There's one for sale near me for $250. I'd like to go check it out, but I can't find very much about these things online. What's the engine displacement and rated power output? Are they well built/reliable? Can you still get different head attachments for them?

I'm looking for a good sized, well built trimmer to put a lot of hours on cutting tall grass and straw around my house and barn-







This one comes with bicycle bars as well, which I've never used. I put lots of hours in behind a trimmer with a loop handle at my old job and liked how manueverable it was... pro's/con's to the bars?

Anyway, I don't need something huge, since most of the heavy brush cutting will be done with a bush hog, just something with enough power and clearance to cut big thick grass and the occasional quarter inch multiflora...

Oh yeah, I'm fairly cheap too... let's not forget that important piece of info...


----------



## THALL10326 (May 14, 2008)

Marc said:


> Ok... not exactly a chainsaw, but I didn't see a better forum for this question...
> 
> There's one for sale near me for $250. I'd like to go check it out, but I can't find very much about these things online. What's the engine displacement and rated power output? Are they well built/reliable? Can you still get different head attachments for them?
> 
> ...



That 250.00 price is a joke. That trimmer is old, hasn't been made in years and didn't sell for much over 250.00 brand new, tell the guy he's insane. FS76
great shape, hardly used at all may be worth 200.00 tops and thats stretching it. Bike handles are a pain in the azz, stick with the loop. You can get a FS90 four cycle that will out power a old FS76 easliy for 299.00 brand new.


----------



## Marc (May 14, 2008)

Cool, thanks for the advice. It's actually $225, but still, your advice applies. Think a 90 will be about right for my intended application? Anything bigger than the FS 55 I've been borrowing will be better I suppose.


----------



## THALL10326 (May 14, 2008)

Marc said:


> Cool, thanks for the advice. It's actually $225, but still, your advice applies. Think a 90 will be about right for my intended application? Anything bigger than the FS 55 I've been borrowing will be better I suppose.



I think the FS76 was last made about 10-13 years ago, that dayumm thing is probly on its last leg. 

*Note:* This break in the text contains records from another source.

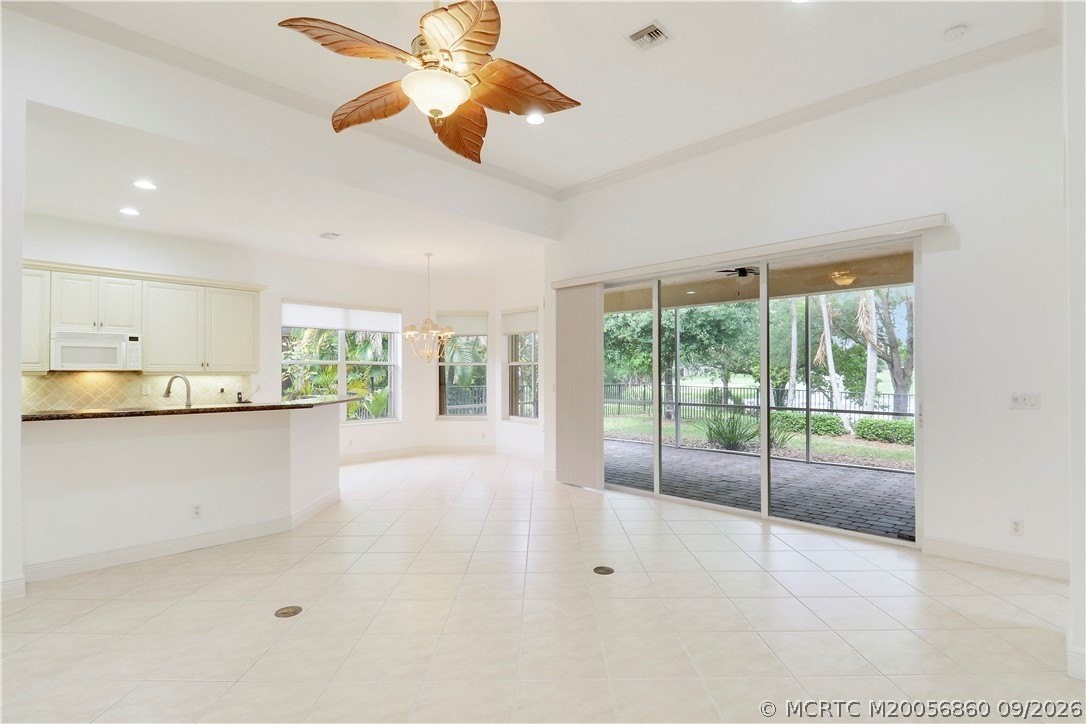 736 Sw Pebble Ln - Photo 6 of 25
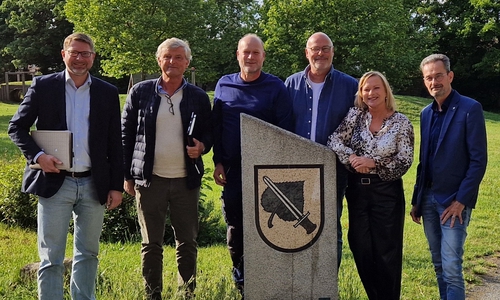 Die Bürgermeister/in der Samtgemeinde Sickte und ihrer Mitgliedsgemeinden laden zu Bürgerinformationsveranstaltungen zum Strukturprozess „Zukunft der Samtgemeinde Sickte“ ein. Von links nach rechts: Marco Kelb (Samtgemeindebürgermeister der Samtgemeinde Sickte), Alexander von Veltheim (Bürgermeister der Gemeinde Veltheim/Ohe), Ingo Geisler (Bürgermeister der Gemeinde Sickte), Karsten Ansorge (Bürgermeister der Gemeinde Erkerode), Dunja Kreiser (Bürgermeisterin der Gemeinde Evessen), Ole Jahnke (Bürgermeister der Gemeinde Dettum)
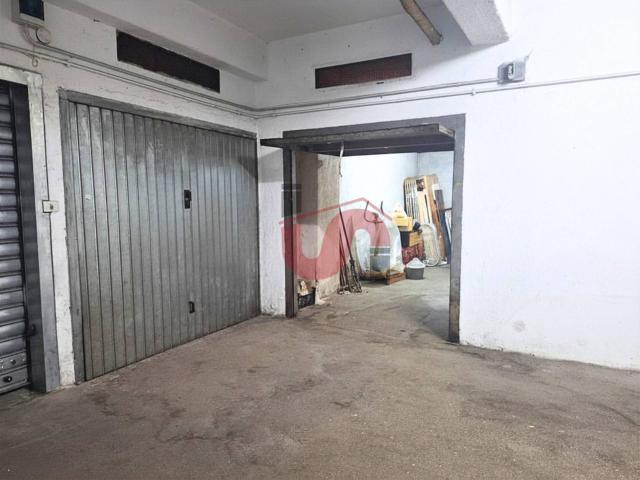 Box in vendita a Benevento, Campania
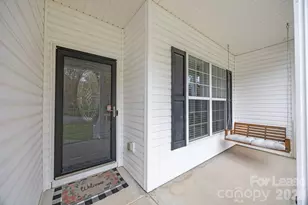 1667 Warwick Ct, Lincolnton, NC 28092 - Photo 9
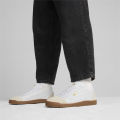 PUMA Sepatu Sneaker Unisex PUMA Club 5v5 Lux. 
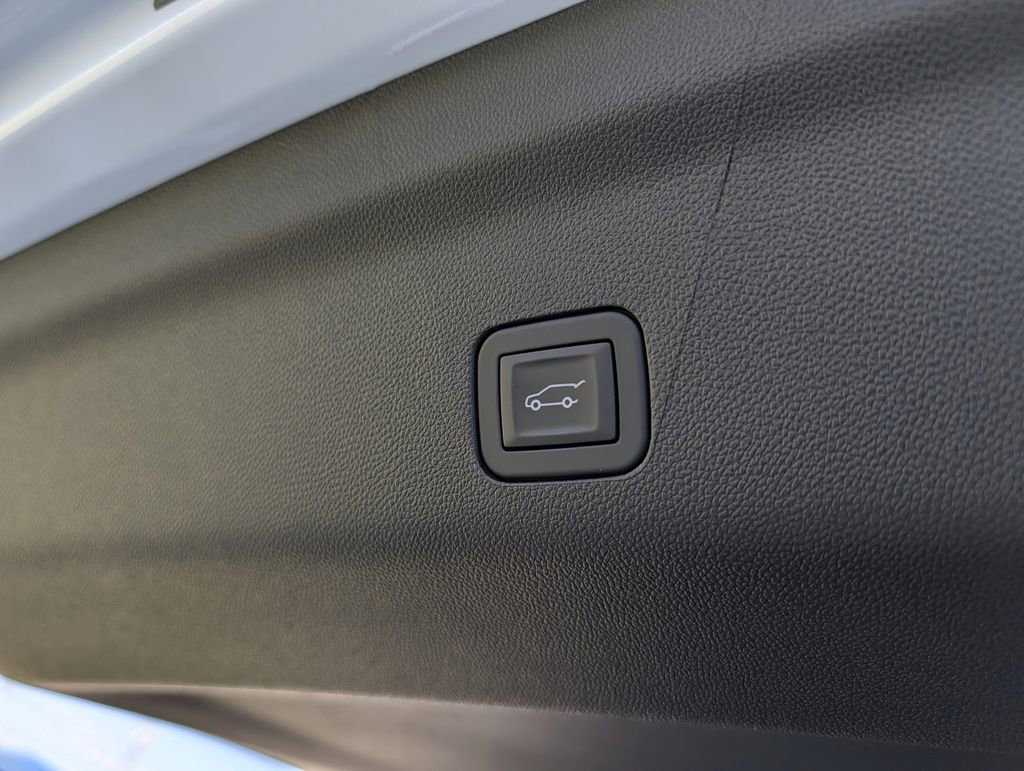 New 2026 GMC Yukon AT4 image 33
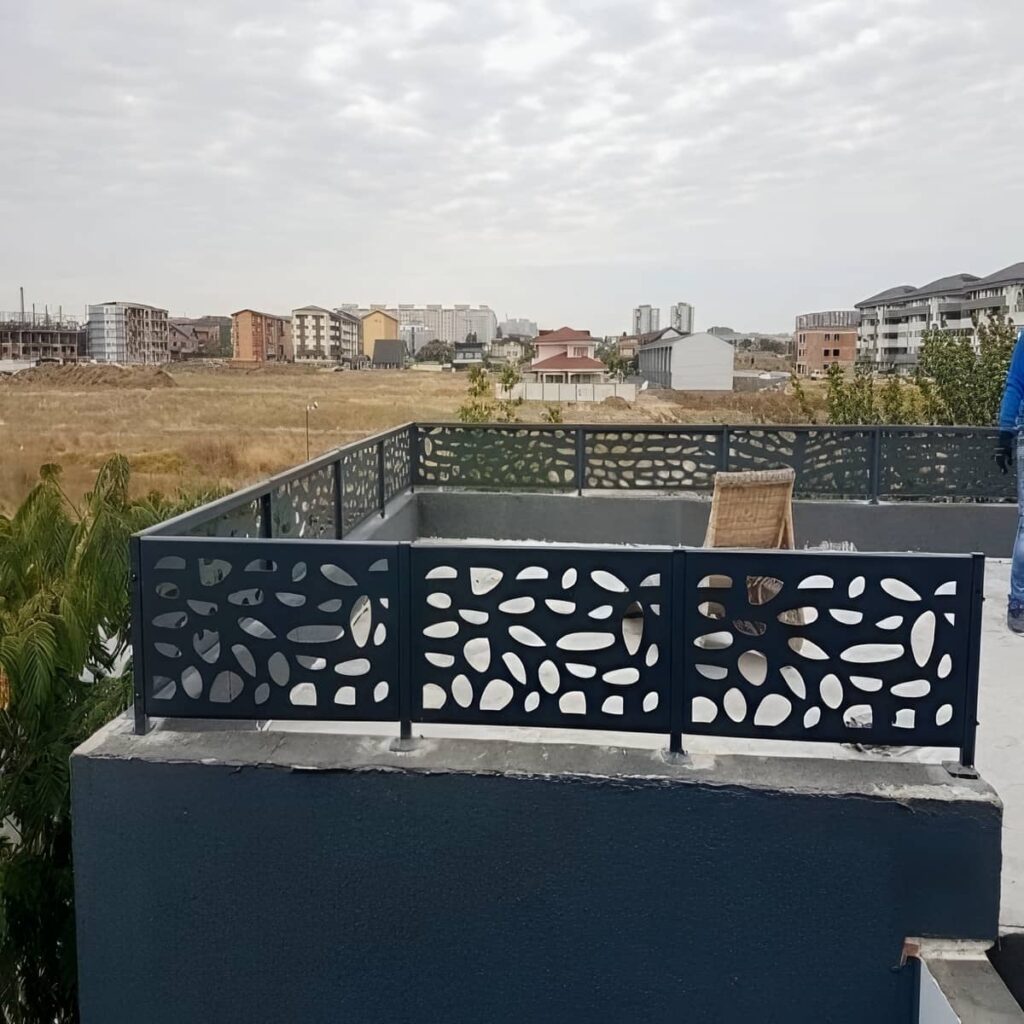 نرده پله فلزی مقاوم در برابر باد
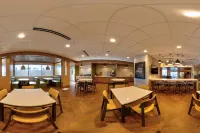 Fairfield Inn & Suites Milwaukee Brookfield - parking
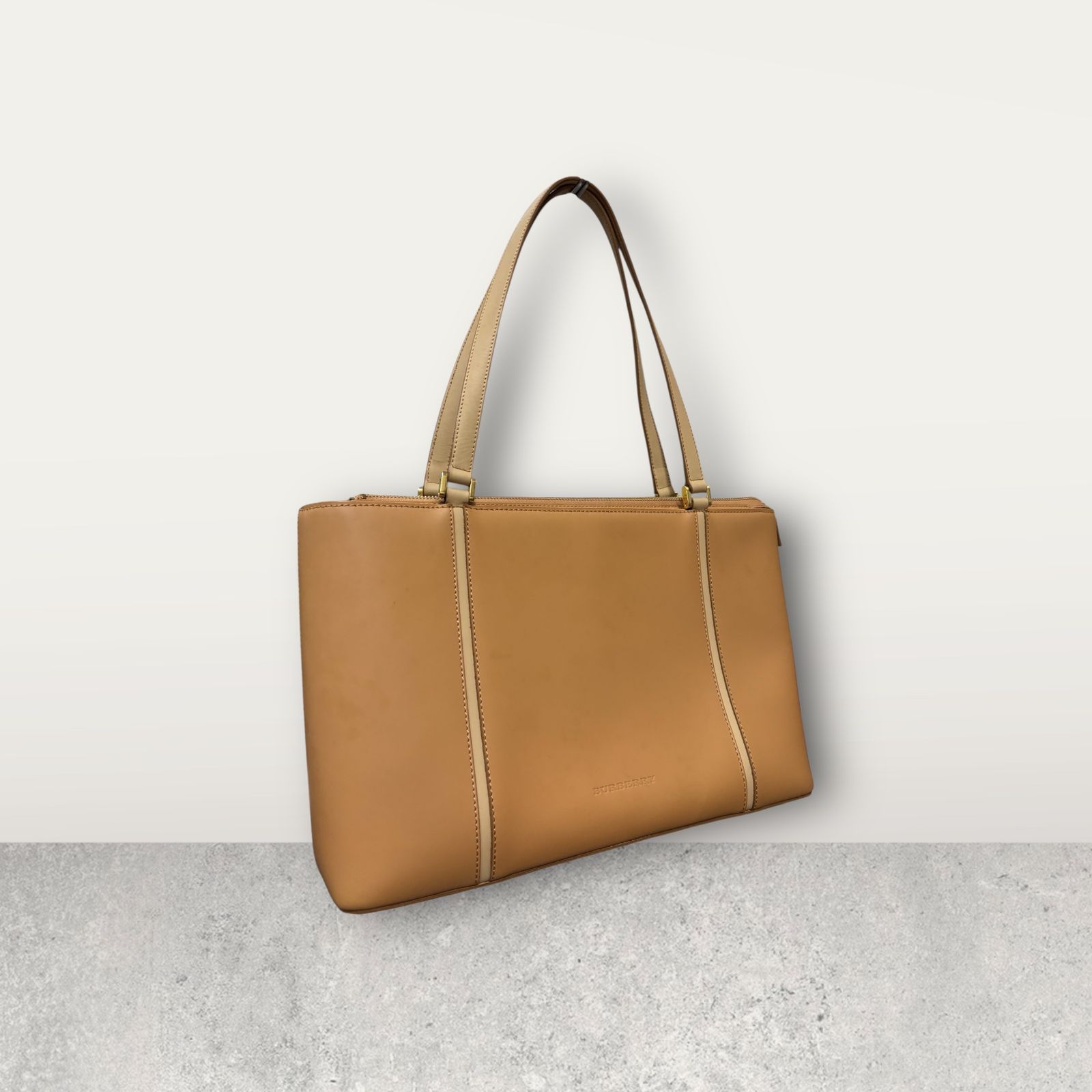 美品☆　バーバリー　トートバッグ　A4収納可能　肩掛け　レザー　PVC バーバリー 肩掛けOKレザートートバッグ（A4ファイル入ります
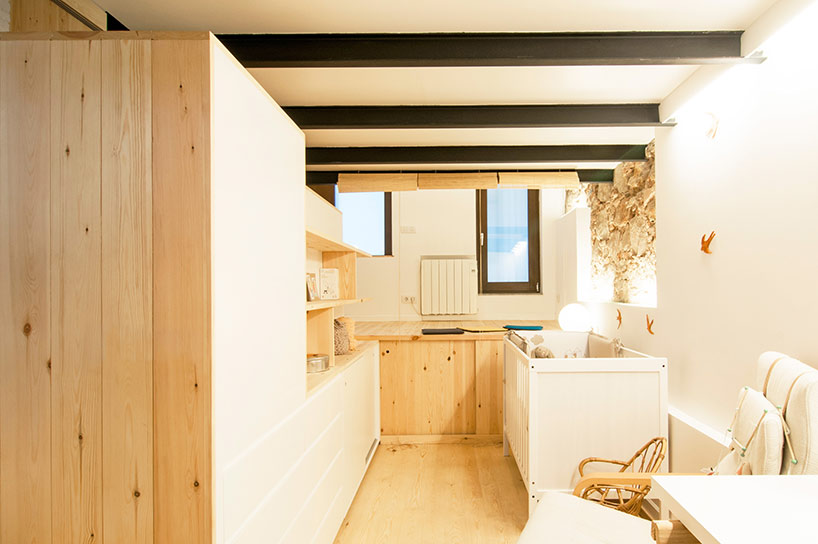 carles enrich refurbishes a dry cleaners in spain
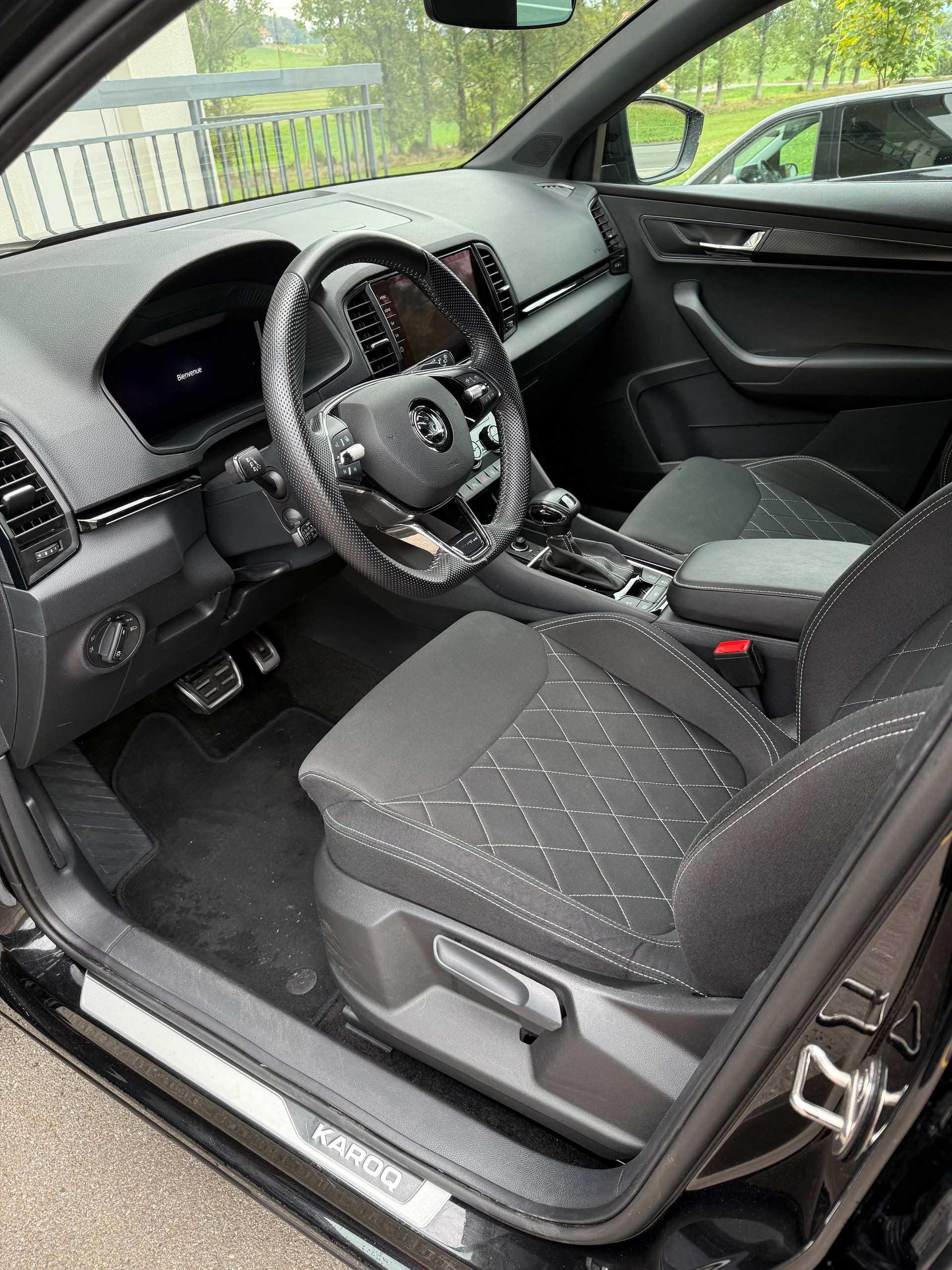 SKODA Karoq 2.0 TDI CR SportLine 4x4 DSG-image-7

The FS55 is a low end trimmer in the Stihl line up. Not bad for short time cutting but tends to knumb the arms after a few hours. The FS90 is super smooth, professional trimmer. Its the smallest of their four-mix series at 28cc but puts out plenty of power and does it much quieter than a 2 cycle. It has a solid drive shaft meaning you can use attachments on it if you want to later on. That would be the one base on your cutting needs.


----------



## computeruser (May 14, 2008)

Yup, something in the FS90 range would be a good choice. I've been pleased with my Echo SRM260 in tall, heavy grass. It does a good job and does not tire me out the way machines with more vibration and less structural rigidity do.

The bike handles are nice if you're running a blade, but the rest of the time they seem limiting, even with a good harness holding the trimmer up. I have precious little time on my FS200 with a trimmer head, as it usually uses a tri-blade, but unless you need the added power you'll be happier with a smaller, lighter loop handle unit.


----------



## Chris J. (May 14, 2008)

THALL10326 said:


> ...The FS55 is a low end trimmer in the Stihl line up. Not bad for short time cutting but tends to knumb the arms after a few hours....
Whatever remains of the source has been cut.